(Warner Brothers) Billy Bob Thornton, Virginia Madsen, Tim Blake Nelson, J.K. Simmons, Bruce Dern, Max Theriot, Mark Polish, Jon Gries, Bruce Willis. Directed by Michael Polish
For as long as he could remember, Charlie Farmer (Thornton) wanted to be an astronaut. The son of a Texas rancher, he joined the Air Force and became a test pilot, the better to join the space program, which he did. After his dad’s suicide, however, Charlie left the program to take care of his family, a decision he regretted the rest of his life.
Now, Charlie Farmer is building a rocket in his barn. His kids – including son Shepherd (Theriot) are behind him, his beautiful wife Audie (Madsen) supports him, even as she works as a waitress in a diner to help make ends meet. Even his father-in-law (Dern) respects him. Most of the rest of the people in town think he’s a whacko.
Unfortunately, the feds get wind of his scheme when he tries to buy 10,000 square pounds of rocket fuel and decide to shut down this amateur Buck Rogers. The bank, to whom Charlie has already fallen terribly behind in mortgage payments, has initiated foreclosure proceedings. Charlie is this close to losing everything. Still, he has his family dreaming together – and that in itself is a very powerful thing.
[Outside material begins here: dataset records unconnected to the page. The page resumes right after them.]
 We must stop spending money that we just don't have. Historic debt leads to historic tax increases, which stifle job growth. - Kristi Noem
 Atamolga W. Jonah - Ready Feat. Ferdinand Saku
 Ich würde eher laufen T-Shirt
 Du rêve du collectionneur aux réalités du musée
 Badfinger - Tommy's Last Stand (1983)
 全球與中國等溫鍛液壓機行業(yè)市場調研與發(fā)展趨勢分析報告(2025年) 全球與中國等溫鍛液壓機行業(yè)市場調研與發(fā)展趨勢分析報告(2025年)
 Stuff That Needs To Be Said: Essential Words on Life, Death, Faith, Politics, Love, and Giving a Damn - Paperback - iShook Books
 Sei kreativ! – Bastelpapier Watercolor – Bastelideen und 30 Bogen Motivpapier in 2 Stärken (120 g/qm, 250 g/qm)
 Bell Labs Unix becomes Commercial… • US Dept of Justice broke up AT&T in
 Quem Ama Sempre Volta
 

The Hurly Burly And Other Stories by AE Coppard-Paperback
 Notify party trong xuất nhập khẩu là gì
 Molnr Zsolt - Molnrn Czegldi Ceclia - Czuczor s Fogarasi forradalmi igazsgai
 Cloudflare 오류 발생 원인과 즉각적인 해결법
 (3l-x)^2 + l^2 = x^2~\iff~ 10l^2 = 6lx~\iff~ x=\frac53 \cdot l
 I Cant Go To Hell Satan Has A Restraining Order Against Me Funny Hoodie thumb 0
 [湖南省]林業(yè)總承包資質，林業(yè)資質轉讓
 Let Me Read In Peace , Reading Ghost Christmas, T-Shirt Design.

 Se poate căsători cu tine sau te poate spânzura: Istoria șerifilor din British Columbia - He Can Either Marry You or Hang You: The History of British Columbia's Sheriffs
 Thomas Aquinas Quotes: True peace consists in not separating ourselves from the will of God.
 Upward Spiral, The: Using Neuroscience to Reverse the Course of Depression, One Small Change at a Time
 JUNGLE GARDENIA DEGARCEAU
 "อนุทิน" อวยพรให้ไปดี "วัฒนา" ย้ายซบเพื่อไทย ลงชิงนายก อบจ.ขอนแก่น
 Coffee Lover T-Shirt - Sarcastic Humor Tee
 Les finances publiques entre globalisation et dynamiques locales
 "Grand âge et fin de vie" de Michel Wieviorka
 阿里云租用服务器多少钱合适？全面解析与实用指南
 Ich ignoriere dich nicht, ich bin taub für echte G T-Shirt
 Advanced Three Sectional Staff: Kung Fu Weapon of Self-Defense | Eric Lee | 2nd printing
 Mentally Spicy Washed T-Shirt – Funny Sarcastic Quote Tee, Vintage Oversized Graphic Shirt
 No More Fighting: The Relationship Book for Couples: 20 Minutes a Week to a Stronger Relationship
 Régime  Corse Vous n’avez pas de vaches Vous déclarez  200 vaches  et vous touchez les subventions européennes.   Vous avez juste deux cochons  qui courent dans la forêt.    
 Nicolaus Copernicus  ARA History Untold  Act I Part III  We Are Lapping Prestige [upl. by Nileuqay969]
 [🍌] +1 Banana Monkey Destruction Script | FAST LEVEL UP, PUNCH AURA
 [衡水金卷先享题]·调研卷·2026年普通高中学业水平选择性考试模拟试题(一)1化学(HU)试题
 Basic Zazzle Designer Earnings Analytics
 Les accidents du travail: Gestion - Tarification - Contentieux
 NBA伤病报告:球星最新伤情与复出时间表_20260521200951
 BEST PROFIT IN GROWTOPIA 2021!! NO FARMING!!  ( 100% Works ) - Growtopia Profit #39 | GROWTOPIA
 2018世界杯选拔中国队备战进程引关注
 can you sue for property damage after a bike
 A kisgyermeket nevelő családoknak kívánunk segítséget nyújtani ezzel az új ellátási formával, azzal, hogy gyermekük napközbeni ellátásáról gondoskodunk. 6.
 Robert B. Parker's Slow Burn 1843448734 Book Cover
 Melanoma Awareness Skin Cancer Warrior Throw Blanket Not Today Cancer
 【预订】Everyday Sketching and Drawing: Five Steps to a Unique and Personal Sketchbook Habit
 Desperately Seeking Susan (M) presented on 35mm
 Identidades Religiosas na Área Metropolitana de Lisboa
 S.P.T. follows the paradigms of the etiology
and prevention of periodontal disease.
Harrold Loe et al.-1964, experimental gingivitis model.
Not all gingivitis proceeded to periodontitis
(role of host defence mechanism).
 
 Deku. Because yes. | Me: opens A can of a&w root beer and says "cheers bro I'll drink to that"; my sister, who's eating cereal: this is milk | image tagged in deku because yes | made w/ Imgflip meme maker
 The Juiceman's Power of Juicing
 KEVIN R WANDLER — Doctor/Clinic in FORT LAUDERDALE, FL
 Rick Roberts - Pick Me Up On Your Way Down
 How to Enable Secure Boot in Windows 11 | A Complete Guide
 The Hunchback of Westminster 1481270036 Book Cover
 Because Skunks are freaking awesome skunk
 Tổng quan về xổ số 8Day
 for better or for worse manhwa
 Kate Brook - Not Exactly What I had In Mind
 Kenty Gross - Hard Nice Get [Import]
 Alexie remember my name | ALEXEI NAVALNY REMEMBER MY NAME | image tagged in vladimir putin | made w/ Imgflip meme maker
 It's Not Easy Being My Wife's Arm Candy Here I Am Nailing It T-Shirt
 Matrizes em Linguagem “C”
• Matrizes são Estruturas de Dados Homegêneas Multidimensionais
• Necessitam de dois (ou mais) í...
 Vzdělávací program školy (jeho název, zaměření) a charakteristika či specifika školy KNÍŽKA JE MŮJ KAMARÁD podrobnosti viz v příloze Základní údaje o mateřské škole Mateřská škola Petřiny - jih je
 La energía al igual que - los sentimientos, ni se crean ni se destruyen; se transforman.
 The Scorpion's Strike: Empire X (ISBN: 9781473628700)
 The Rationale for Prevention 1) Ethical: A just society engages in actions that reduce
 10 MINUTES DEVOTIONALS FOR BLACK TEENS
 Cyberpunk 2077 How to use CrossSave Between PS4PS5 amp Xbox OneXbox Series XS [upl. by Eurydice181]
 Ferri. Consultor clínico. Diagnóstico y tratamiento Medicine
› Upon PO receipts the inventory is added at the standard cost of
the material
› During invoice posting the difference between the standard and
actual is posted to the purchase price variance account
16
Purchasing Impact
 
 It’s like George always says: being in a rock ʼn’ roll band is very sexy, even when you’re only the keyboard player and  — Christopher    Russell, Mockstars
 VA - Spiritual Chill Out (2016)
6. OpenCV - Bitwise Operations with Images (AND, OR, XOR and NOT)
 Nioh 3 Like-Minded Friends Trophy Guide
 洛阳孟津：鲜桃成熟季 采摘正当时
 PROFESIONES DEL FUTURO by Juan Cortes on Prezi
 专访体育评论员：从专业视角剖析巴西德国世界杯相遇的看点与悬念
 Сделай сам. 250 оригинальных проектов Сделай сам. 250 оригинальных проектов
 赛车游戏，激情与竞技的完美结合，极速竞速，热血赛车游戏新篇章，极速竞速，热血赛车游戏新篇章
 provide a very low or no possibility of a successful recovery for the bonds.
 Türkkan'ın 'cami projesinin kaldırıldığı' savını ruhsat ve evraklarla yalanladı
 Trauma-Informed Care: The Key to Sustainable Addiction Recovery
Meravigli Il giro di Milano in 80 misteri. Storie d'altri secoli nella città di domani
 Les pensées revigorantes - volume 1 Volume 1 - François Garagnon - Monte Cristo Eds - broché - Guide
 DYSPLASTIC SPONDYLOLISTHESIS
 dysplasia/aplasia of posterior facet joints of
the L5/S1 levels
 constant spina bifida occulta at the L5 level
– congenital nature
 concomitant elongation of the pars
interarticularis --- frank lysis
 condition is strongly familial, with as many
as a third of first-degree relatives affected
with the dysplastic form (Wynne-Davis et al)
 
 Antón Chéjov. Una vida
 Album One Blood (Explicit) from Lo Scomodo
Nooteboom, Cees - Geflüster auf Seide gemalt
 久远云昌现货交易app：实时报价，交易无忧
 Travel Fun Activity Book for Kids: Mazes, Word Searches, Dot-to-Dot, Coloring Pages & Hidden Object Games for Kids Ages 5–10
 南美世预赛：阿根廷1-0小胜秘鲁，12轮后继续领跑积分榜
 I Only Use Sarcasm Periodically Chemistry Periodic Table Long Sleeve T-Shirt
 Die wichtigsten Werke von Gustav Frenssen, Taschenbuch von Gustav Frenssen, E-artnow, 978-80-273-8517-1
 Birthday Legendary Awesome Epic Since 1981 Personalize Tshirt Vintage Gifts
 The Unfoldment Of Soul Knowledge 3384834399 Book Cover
There can be some extreme corniness at times, with emphasis on family unity and pursuing dreams nearly at the expense of all else. You can see why it didn’t resonate with a younger audience, a virtual kiss of death at the box office today. That doesn’t mean this isn’t a good movie. It has all the elements of a family movie, but the character exposition might be a bit too much for younger audiences, who could conceivably be bored.
There are some moments that will wake you up, like most of the launch sequence scenes. Some nice visuals too, as early on Billy Bob in full spacesuit regalia chases a stray calf while riding a horse. Talk about cowboys and aliens.
Thornton excels at these kinds of roles, the low-key salt of the earth family man, and he doesn’t get to play them too often. He carries himself with great dignity, but loses his cool just often enough to put you a little bit on edge around him. Madsen as his long-suffering wife continues to be impressive with almost every role she plays. Willis, in an uncredited turn, plays an old friend of Charlie’s who made it on into “the program” after Charlie dropped out, and went on to fly the space shuttle.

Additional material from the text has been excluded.